Son iridiscentes, tus ojos,
como la botella que contuvo
el mensaje que me salvaría la vida
desde un invierno mal entendido.
Como un intrépido navío
que se hunde en el mar,
así es el nacimiento de un planeta.
Las puestas de sol son un asunto personal,
cadáveres relucientes que reconocen
la foto imaginaria que llevas en la cartera;
la luna por sombrero, no sé qué más
puede traerte a la vida hoy
si no es tirar el orgullo bien lejos
aceptar un beso y sostenerlo entre los dedos sin temblar.
No soy yo la que silba, ¿no lo ves?
Tengo la maldita costumbre de hablar por mí misma
y cuando me equivoco tengo que volver atrás
y decirme muy seriamente, a la cara,
que me muero por saber cómo es vivir,
que un error es como la espuma del mar.
Esa mezcla de blanco y azul que siento
en el fondo del vaso da vértigo,
y al mirarme en el espejo
ya no tengo miedo a los agujeros
negros, ni a la gravedad,
porque la voz me cambia y yo con ella,
y me duermo pensando en luciérnagas gigantes.

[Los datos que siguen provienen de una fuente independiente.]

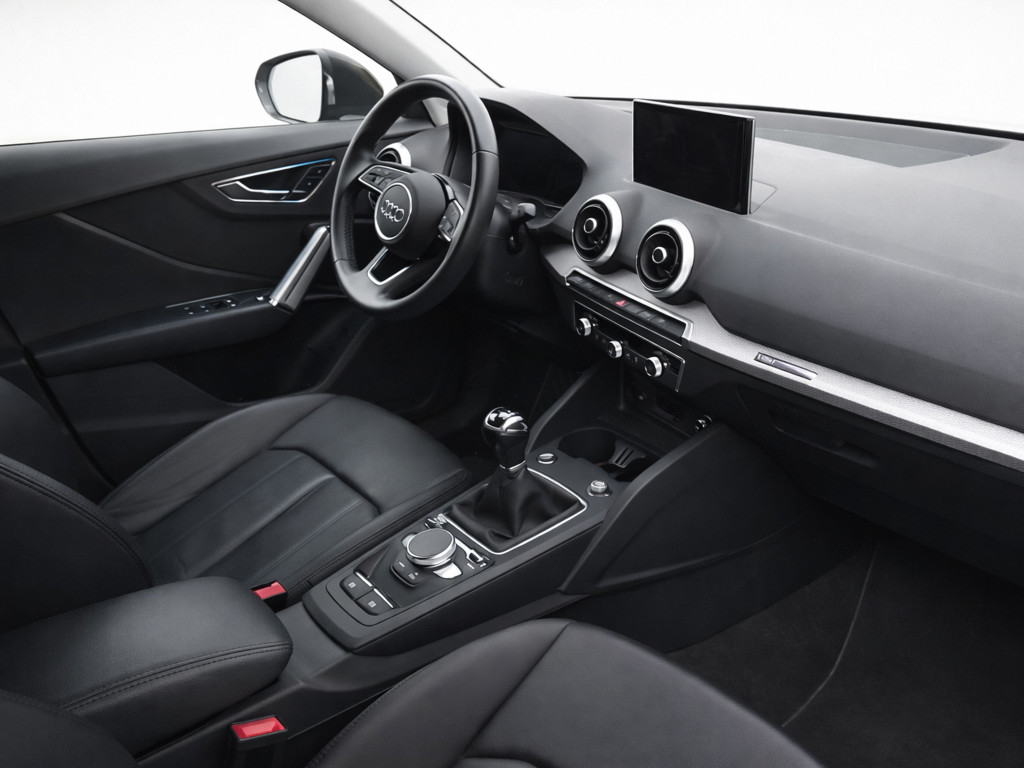 AUDI Q2 30 TDI BLACK LINE 115 de segunda mano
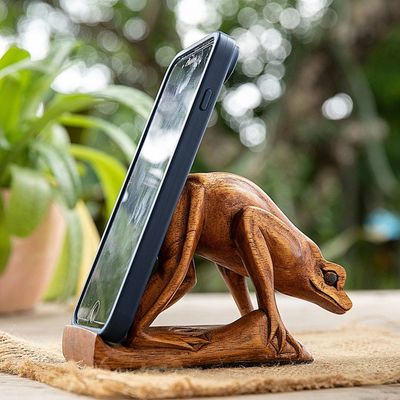 Alternate image for Jempinis Wood Frog Phone Stand Hand-Carved in Bali Looking for Some Food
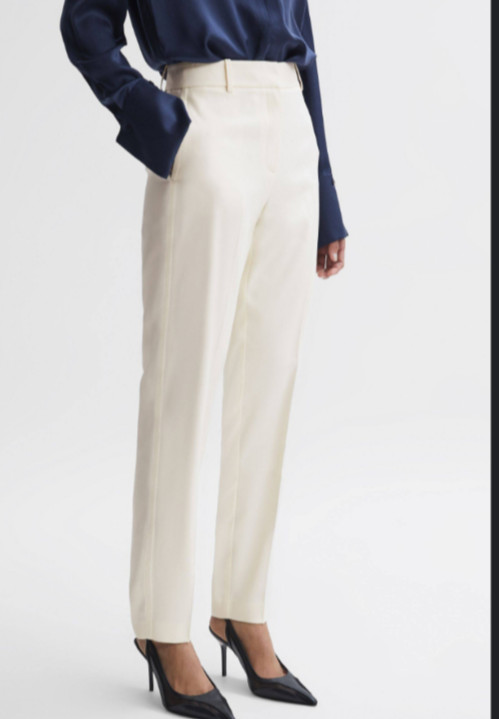 Reiss Ember Slim Fit Trousers Pants in Cream/Ivory Size Petite 4 NWT Reiss Ember Slim Fit Trousers Pants in Cream/Ivory Size Petite 4 NWT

Yo contra las cuerdas, una vez más,
sabré aprender a tocar la guitarra
y a cantar con la voz de los grillos.
Si quieres acompañarme, cógete a mi mano
y subiremos la escarpada pendiente
que termina en un oasis de arena.
Y duerme, y duerme,
duermevela oscura y amarga
y dulce y plateada.
Que las noches se me pierden,
me pierden,
las noches se pierden
y sale la luna y me dice que duerma,
que anochece y me asegura
que mañana volveré a despertar
en mi cama seguro,
segura de que no hay un por qué.
Y así es como transcurre la vida,
cuando el segundo más importante
nunca es el siguiente, sino este instante.